Bug ID: JDK-8332969 Improve Parallel Full GC to break even with Serial Full GC sooner

Type: Enhancement
Component: hotspot
Sub-Component: gc
Affected Version: 23
Priority: P4
Status: New
Resolution: Unresolved
Submitted: 2024-05-27
Updated: 2024-05-27
Other
tbdUnresolved
On some workloads, Parallel Full GC is slower in single thread than a (naively equivalent) Serial GC. Parallel breaks even with Serial when given 2..3 threads after JDK-8329203, which pushed the break-even point quite low. It would be good to understand if the remaining issues are the intrinsic tradeoffs in Parallel GC implementation, and/or whether the break even point could be pushed lower. 

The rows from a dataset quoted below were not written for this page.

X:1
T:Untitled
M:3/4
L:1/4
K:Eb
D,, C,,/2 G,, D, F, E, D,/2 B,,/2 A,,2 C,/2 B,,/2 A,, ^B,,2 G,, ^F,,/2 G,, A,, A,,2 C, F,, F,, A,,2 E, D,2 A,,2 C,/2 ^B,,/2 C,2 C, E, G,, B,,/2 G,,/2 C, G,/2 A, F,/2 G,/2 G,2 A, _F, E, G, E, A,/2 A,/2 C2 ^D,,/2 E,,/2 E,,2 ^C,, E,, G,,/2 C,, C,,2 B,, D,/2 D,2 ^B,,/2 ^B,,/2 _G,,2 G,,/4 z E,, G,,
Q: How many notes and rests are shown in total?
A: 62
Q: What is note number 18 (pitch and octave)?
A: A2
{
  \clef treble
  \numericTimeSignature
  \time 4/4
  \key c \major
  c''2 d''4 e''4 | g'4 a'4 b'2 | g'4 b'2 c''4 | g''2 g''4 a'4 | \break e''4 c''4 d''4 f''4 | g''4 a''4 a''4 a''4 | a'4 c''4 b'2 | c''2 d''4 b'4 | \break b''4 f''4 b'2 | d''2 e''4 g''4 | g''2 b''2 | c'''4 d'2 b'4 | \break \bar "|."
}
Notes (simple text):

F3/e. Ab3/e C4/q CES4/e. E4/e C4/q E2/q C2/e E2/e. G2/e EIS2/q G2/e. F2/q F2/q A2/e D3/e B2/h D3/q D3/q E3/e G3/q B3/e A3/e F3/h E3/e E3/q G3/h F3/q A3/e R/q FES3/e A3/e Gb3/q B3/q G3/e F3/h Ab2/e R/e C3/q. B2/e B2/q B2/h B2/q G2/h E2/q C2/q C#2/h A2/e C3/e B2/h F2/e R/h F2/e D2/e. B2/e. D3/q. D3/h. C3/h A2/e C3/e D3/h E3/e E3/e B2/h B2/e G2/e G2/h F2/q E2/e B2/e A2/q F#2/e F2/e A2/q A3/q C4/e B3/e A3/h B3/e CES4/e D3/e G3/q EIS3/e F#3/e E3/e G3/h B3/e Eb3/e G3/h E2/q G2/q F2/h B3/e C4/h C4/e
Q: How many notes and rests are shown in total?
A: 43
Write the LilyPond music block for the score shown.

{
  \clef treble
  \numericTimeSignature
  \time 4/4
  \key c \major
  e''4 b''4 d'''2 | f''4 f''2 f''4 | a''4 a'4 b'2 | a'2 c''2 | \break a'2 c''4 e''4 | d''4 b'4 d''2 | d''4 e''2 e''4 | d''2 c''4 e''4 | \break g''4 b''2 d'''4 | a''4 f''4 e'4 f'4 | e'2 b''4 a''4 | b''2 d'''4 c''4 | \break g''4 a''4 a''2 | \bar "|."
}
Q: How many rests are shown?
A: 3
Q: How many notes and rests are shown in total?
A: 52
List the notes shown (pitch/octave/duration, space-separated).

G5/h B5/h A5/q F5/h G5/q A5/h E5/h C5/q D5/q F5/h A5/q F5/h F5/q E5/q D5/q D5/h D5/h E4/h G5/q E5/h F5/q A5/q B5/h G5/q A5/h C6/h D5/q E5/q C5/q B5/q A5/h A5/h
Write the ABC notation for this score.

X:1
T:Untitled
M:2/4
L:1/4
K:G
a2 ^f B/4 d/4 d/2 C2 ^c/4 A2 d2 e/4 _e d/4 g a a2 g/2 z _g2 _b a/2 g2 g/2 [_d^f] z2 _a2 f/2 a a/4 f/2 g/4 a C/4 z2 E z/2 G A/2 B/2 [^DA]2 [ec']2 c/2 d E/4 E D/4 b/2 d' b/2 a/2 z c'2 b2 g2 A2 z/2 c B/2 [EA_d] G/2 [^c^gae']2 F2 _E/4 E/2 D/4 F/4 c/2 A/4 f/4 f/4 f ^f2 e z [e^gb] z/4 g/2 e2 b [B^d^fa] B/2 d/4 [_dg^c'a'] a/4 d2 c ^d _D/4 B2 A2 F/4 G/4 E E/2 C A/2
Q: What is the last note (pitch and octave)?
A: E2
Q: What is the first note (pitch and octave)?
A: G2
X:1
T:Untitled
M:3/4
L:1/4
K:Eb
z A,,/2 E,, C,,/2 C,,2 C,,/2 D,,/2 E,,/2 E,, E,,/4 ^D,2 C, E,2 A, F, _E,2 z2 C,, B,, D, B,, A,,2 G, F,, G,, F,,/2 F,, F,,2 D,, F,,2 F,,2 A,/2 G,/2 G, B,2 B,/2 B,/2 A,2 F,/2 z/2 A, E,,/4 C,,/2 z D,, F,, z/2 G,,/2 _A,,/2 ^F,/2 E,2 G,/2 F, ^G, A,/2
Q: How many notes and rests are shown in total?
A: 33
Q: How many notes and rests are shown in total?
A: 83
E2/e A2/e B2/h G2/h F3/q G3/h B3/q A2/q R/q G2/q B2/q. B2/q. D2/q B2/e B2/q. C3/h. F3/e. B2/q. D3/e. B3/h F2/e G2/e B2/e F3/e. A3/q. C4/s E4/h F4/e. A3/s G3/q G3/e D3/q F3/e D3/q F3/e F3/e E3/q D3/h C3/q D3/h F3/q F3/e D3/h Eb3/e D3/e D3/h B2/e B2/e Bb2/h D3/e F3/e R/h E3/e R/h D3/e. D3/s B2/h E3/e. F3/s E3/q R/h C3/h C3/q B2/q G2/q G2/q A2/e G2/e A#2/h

This would simplify deployments, as users would not be forced to choose Serial over Parallel when there is only 1 CPU is available for the GC to run on.

Example workload:

```
% cat Fragger.java 
import java.util.concurrent.ThreadLocalRandom;

public class Fragger {
	static final int COUNT = 15_000_000;
	static final Object[] ARR = new Object[COUNT];

	public static void main(String... args) {
		for (int c = 0; c < COUNT; c++) {
			ARR[c] = new byte[16];
		}

		long end = System.nanoTime() + 30_000_000_000L;
		while (System.nanoTime() < end) {
			long nextGC = System.nanoTime() + 500_000_000L;
			while (System.nanoTime() < nextGC) {
  				int idxFull = ThreadLocalRandom.current().nextInt(COUNT);
				ARR[idxFull] = new byte[16];
			}
			System.gc();
		}
	}
}

% build/macosx-aarch64-server-release/images/jdk/bin/java  -Xmx4g -Xms4g -XX:+UseSerialGC -Xlog:gc Fragger.java
[24.901s][info][gc] GC(16) Pause Full (System.gc()) 790M->654M(3959M) 901.744ms
[26.374s][info][gc] GC(17) Pause Full (System.gc()) 1010M->654M(3959M) 972.383ms
[27.800s][info][gc] GC(18) Pause Full (System.gc()) 947M->654M(3959M) 925.915ms
[29.214s][info][gc] GC(19) Pause Full (System.gc()) 905M->518M(3959M) 914.314ms
[30.659s][info][gc] GC(20) Pause Full (System.gc()) 873M->654M(3959M) 943.951ms

% build/macosx-aarch64-server-release/images/jdk/bin/java  -Xmx4g -Xms4g  -XX:+UseParallelGC -XX:ParallelGCThreads=1 -Xlog:gc Fragger.java
[23.677s][info][gc] GC(11) Pause Full (System.gc()) 793M->518M(3925M) 1441.179ms
[25.616s][info][gc] GC(12) Pause Full (System.gc()) 793M->518M(3925M) 1438.795ms
[27.556s][info][gc] GC(13) Pause Full (System.gc()) 832M->518M(3925M) 1439.856ms
[29.512s][info][gc] GC(14) Pause Full (System.gc()) 891M->518M(3925M) 1455.564ms
[31.468s][info][gc] GC(15) Pause Full (System.gc()) 812M->518M(3925M) 1455.337ms
```

The collectors behave a bit differently, even with periodic Full GCs, so the difference might hide there as well. But, the difference is still present even in cycles that do similar amount of work, e.g. "905M->518M(3959M) 914.314ms" vs "891M->518M(3925M) 1455.564ms".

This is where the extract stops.